● **Required action**: What is wanted is the line holding "Régua Extensao Filtro" and every later line through the end of the entries, set down exactly.

● **Record set**:
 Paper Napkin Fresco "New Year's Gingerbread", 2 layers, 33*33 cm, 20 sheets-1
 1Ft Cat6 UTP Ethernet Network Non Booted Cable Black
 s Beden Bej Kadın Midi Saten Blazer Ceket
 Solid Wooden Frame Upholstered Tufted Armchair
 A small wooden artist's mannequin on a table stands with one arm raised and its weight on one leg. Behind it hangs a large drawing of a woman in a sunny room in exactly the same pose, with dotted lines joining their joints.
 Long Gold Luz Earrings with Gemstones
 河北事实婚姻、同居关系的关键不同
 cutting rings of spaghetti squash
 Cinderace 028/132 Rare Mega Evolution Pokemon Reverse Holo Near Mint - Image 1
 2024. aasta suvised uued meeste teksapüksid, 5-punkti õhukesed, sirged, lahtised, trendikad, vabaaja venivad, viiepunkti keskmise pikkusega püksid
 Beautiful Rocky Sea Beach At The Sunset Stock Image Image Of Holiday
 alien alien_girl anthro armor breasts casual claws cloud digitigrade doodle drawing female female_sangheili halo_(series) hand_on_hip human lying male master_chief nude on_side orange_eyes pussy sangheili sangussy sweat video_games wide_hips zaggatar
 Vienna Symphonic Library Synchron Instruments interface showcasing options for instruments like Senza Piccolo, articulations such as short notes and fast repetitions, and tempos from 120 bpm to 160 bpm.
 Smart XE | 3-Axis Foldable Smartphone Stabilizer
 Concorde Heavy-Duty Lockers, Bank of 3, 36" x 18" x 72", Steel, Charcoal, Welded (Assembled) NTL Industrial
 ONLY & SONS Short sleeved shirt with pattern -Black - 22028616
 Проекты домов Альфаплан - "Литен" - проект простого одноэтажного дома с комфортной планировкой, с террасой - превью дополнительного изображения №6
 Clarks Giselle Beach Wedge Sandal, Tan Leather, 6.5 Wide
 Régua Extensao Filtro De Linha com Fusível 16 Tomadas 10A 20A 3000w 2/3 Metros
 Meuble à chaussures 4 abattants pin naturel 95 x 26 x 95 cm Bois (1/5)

● **Answer to this problem**:
 Régua Extensao Filtro De Linha com Fusível 16 Tomadas 10A 20A 3000w 2/3 Metros
 Meuble à chaussures 4 abattants pin naturel 95 x 26 x 95 cm Bois (1/5)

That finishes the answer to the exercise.